What is being asked »
Each line from the one containing "56 PANORAMICA COM O IMPLANTE" through the end of the entries below must be output exactly; no other line belongs.

Source data »
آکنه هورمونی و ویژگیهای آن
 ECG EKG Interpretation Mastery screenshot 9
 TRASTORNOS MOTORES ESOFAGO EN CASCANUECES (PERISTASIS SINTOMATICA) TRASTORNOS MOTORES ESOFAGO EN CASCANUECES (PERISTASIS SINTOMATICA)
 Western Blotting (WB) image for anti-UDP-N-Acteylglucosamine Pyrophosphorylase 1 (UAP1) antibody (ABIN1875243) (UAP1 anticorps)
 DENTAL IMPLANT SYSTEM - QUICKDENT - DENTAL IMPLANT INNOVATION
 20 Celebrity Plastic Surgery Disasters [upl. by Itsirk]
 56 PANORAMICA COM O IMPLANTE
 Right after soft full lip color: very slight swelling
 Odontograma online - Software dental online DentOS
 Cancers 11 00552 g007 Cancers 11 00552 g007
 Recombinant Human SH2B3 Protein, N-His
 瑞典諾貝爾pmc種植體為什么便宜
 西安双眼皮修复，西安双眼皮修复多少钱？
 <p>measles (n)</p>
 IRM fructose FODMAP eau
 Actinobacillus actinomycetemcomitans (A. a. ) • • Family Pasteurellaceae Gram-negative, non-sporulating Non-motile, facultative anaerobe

Response »
 56 PANORAMICA COM O IMPLANTE
 Right after soft full lip color: very slight swelling
 Odontograma online - Software dental online DentOS
 Cancers 11 00552 g007 Cancers 11 00552 g007
 Recombinant Human SH2B3 Protein, N-His
 瑞典諾貝爾pmc種植體為什么便宜
 西安双眼皮修复，西安双眼皮修复多少钱？
 <p>measles (n)</p>
 IRM fructose FODMAP eau
 Actinobacillus actinomycetemcomitans (A. a. ) • • Family Pasteurellaceae Gram-negative, non-sporulating Non-motile, facultative anaerobe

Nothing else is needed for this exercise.